* The data *
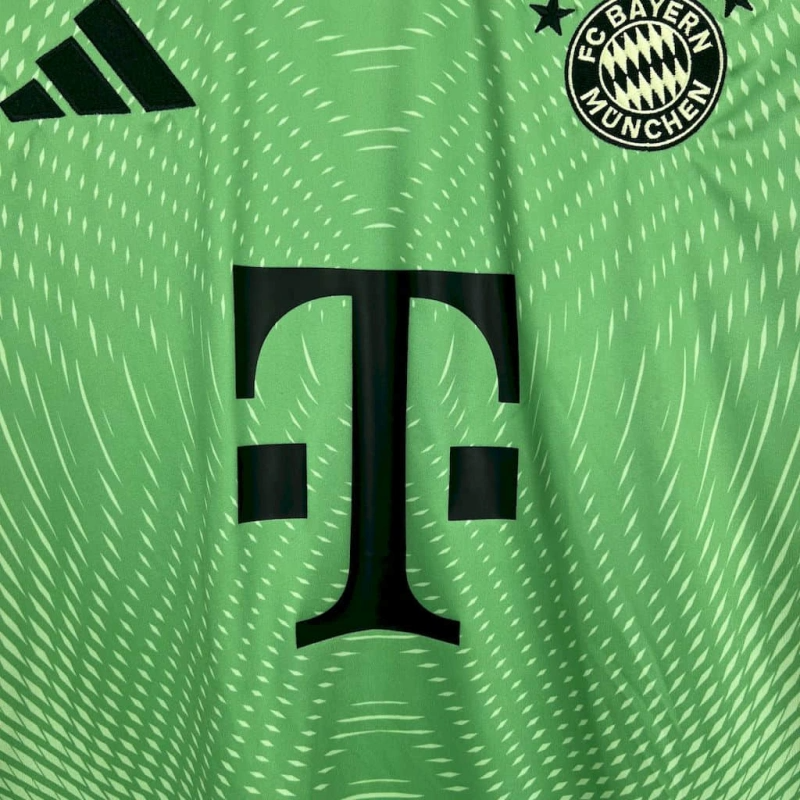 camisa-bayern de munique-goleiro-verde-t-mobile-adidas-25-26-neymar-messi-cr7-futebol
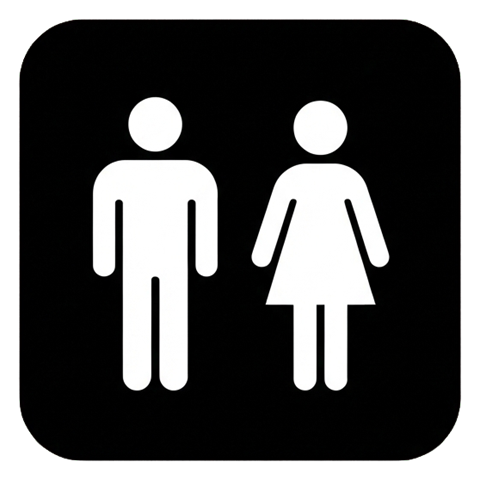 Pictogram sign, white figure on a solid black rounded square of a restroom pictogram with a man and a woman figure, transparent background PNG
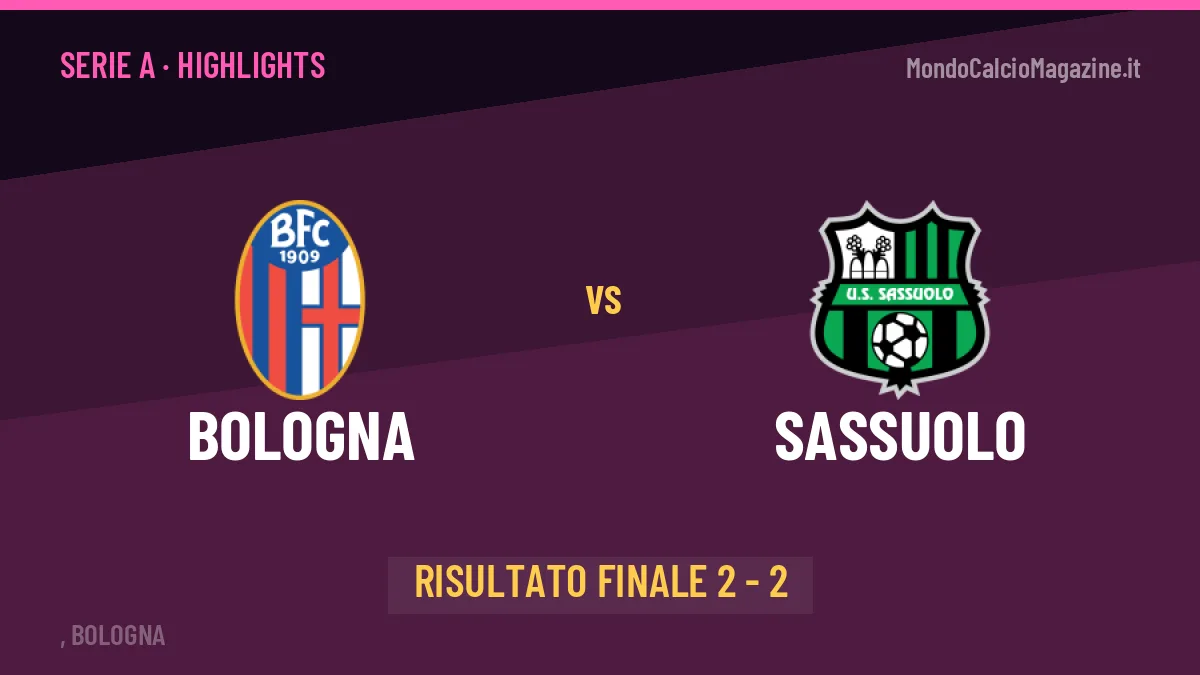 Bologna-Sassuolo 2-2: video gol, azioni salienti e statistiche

...

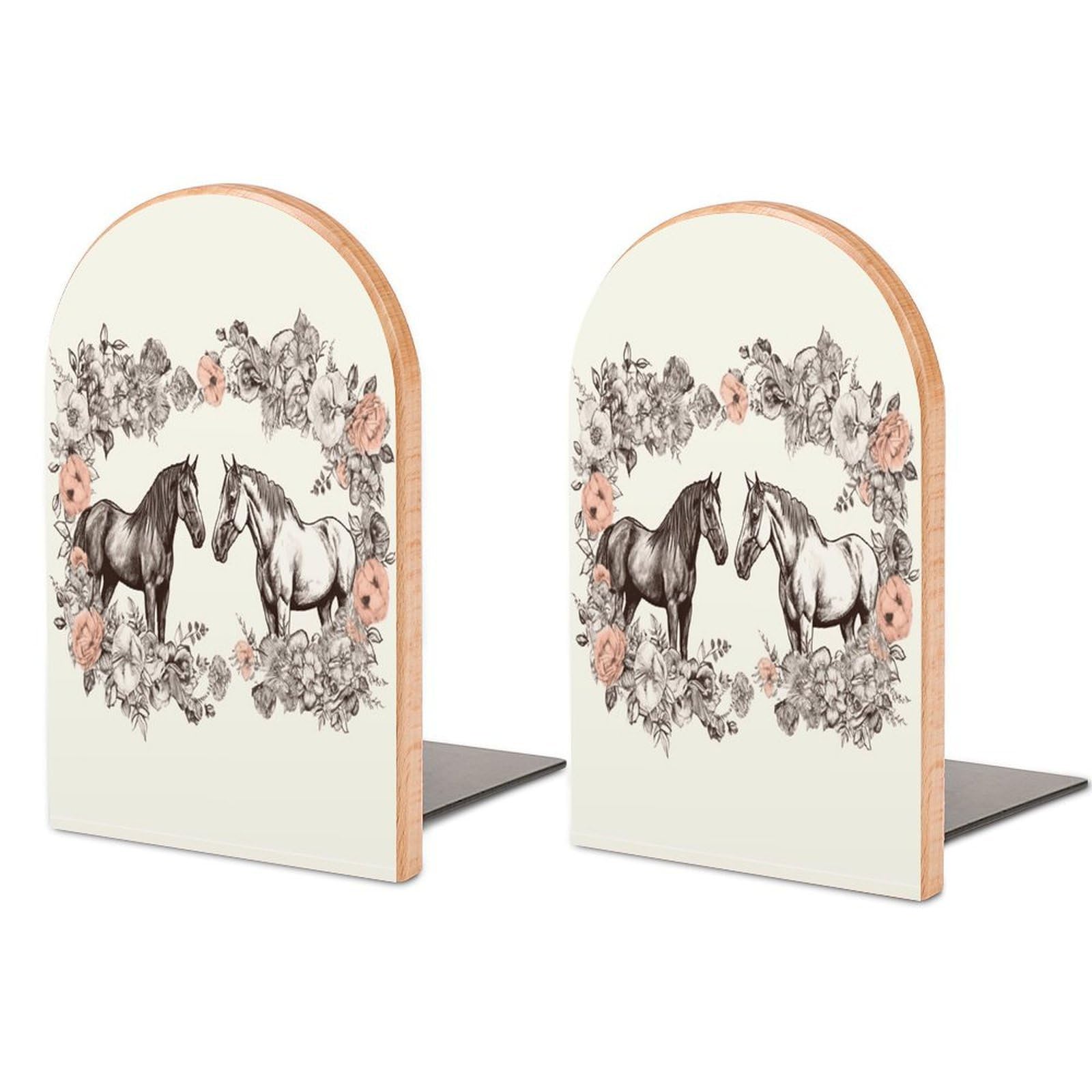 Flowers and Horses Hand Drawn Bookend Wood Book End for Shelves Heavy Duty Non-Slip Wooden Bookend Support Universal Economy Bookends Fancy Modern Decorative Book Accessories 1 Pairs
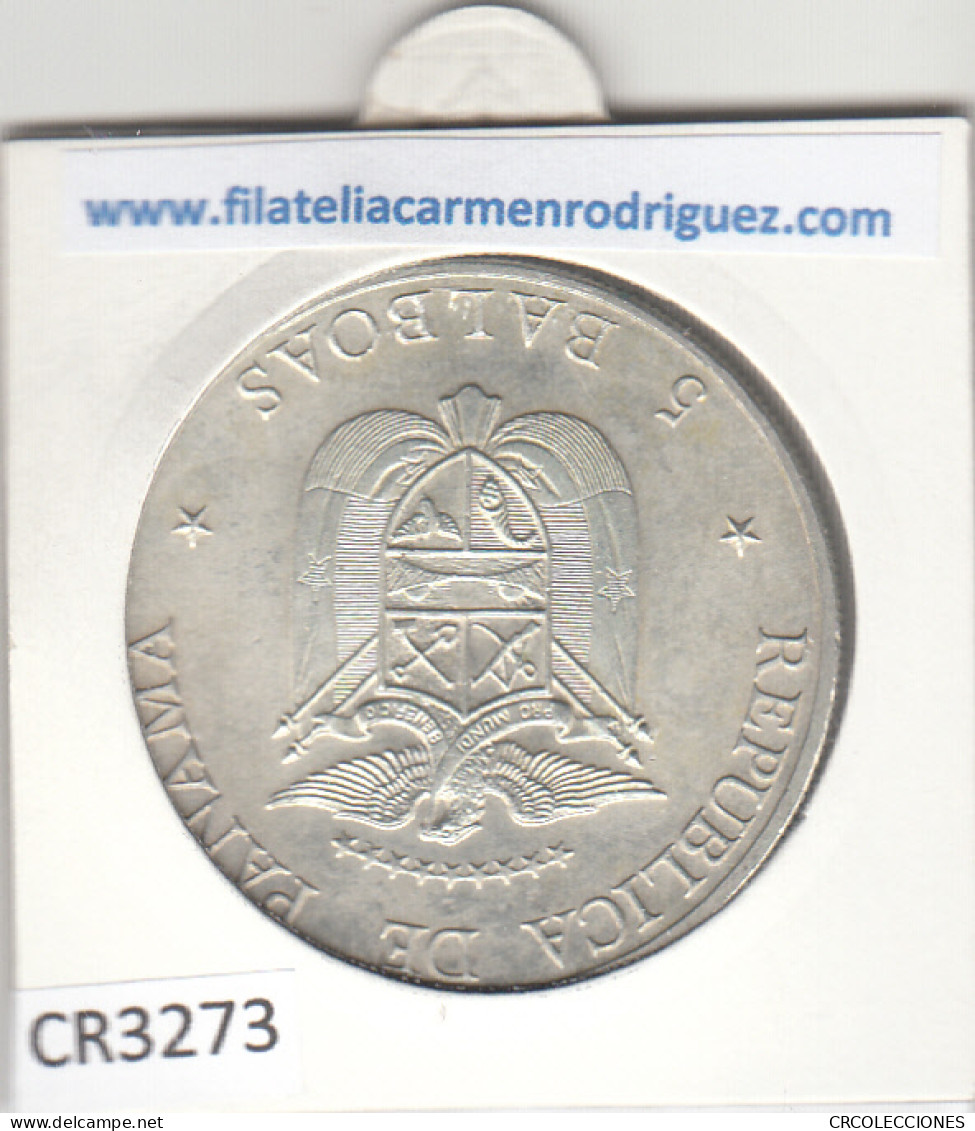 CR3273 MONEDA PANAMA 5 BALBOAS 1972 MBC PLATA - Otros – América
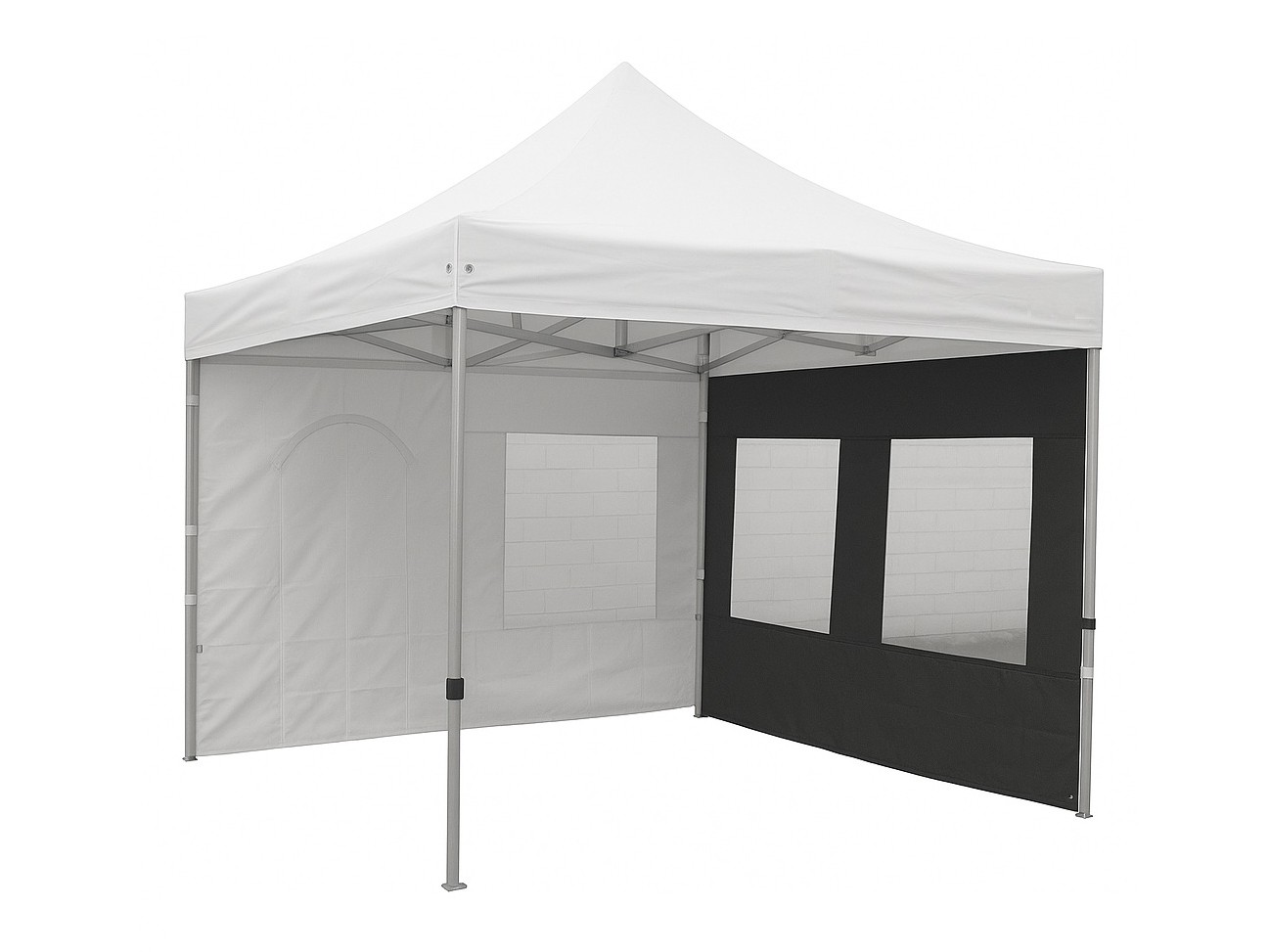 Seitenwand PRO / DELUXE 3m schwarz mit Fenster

==

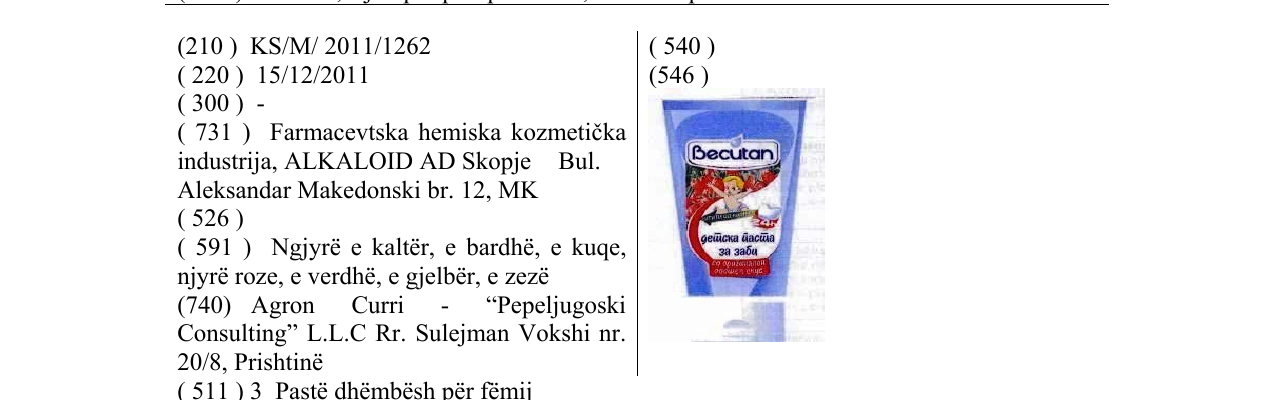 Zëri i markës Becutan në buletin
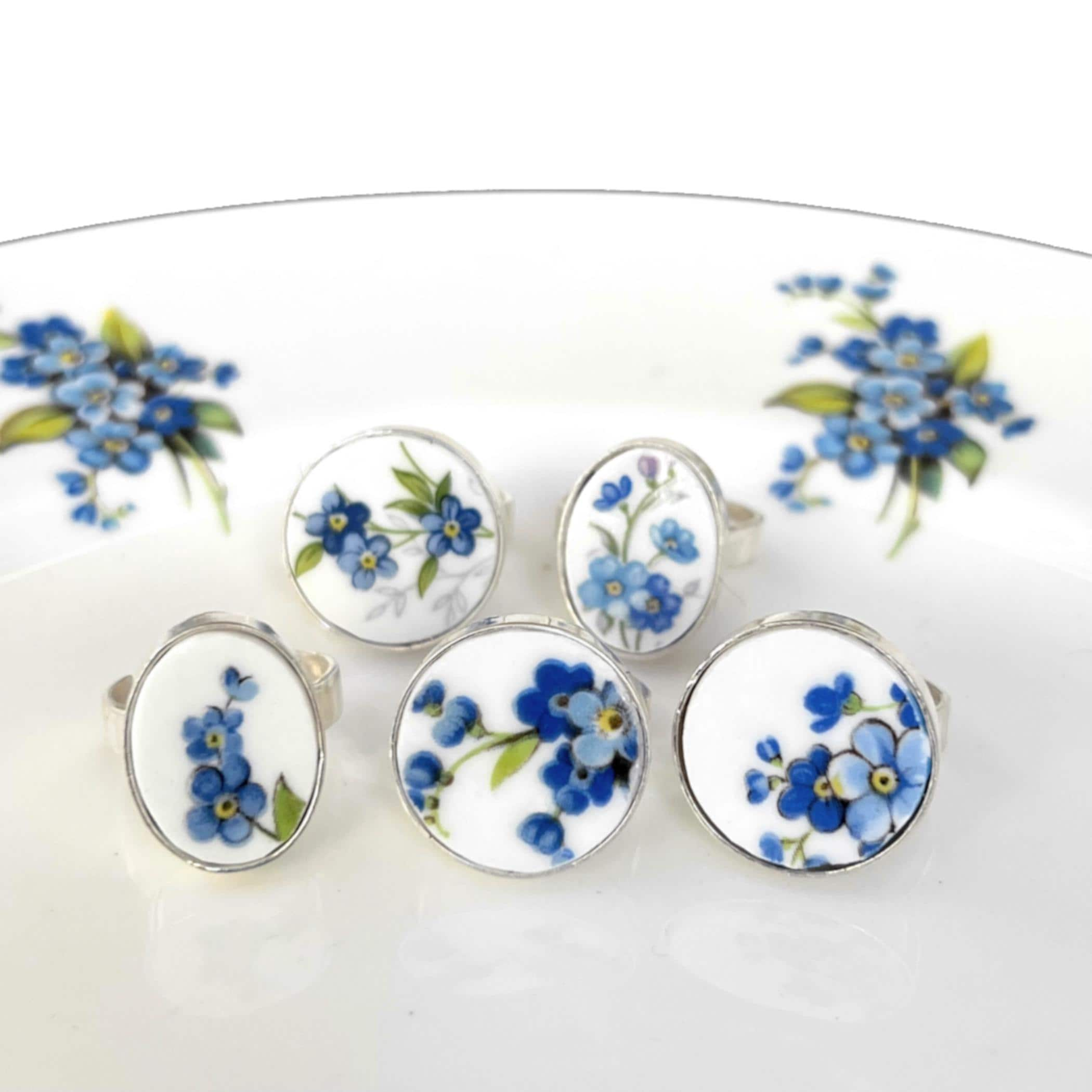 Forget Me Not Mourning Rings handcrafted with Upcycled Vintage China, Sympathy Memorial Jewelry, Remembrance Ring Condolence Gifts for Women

* What you are asked to do *
Set down again, exactly, every line above from the one with "Flowers and Horses" down to the one with "Seitenwand PRO /", both ends included. No pictures, and nothing else.

* Exercise response *
 Flowers and Horses Hand Drawn Bookend Wood Book End for Shelves Heavy Duty Non-Slip Wooden Bookend Support Universal Economy Bookends Fancy Modern Decorative Book Accessories 1 Pairs
 CR3273 MONEDA PANAMA 5 BALBOAS 1972 MBC PLATA - Otros – América
 Seitenwand PRO / DELUXE 3m schwarz mit Fenster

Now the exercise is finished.